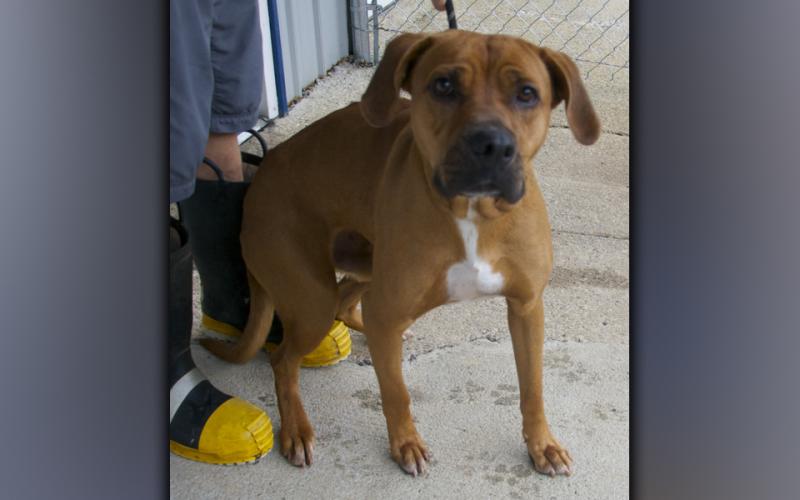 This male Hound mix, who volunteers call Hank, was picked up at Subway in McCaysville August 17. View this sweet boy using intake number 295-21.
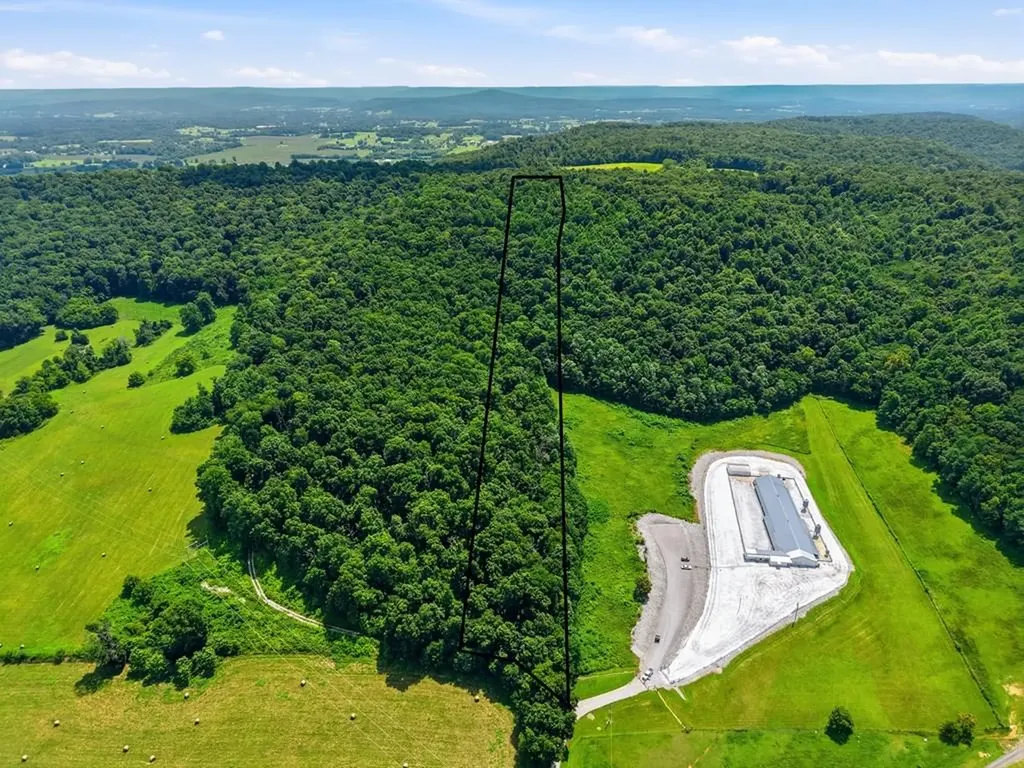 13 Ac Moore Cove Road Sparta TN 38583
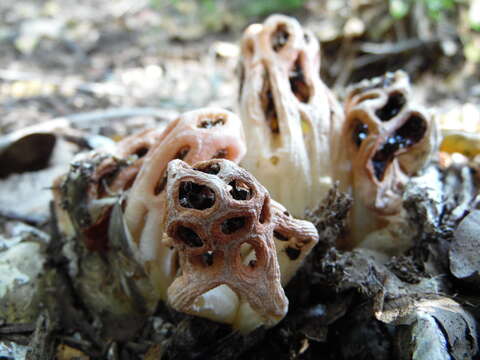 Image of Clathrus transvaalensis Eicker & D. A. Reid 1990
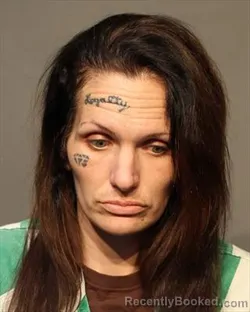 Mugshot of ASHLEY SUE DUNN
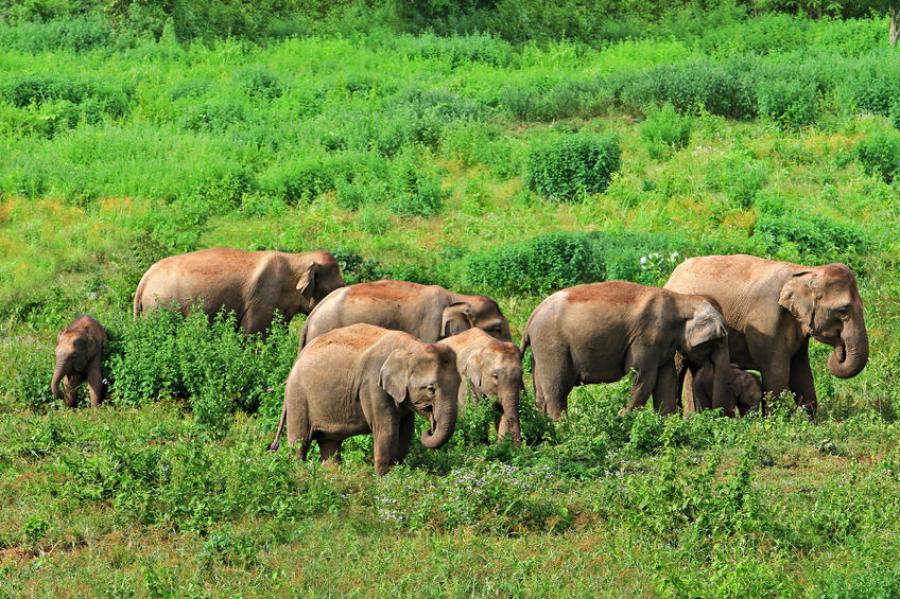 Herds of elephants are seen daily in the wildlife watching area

____

Work instruction:
Restate the entries verbatim and exclude any pictures.

Answer below:
 This male Hound mix, who volunteers call Hank, was picked up at Subway in McCaysville August 17. View this sweet boy using intake number 295-21.
 13 Ac Moore Cove Road Sparta TN 38583
 Image of Clathrus transvaalensis Eicker & D. A. Reid 1990
 Mugshot of ASHLEY SUE DUNN
 Herds of elephants are seen daily in the wildlife watching area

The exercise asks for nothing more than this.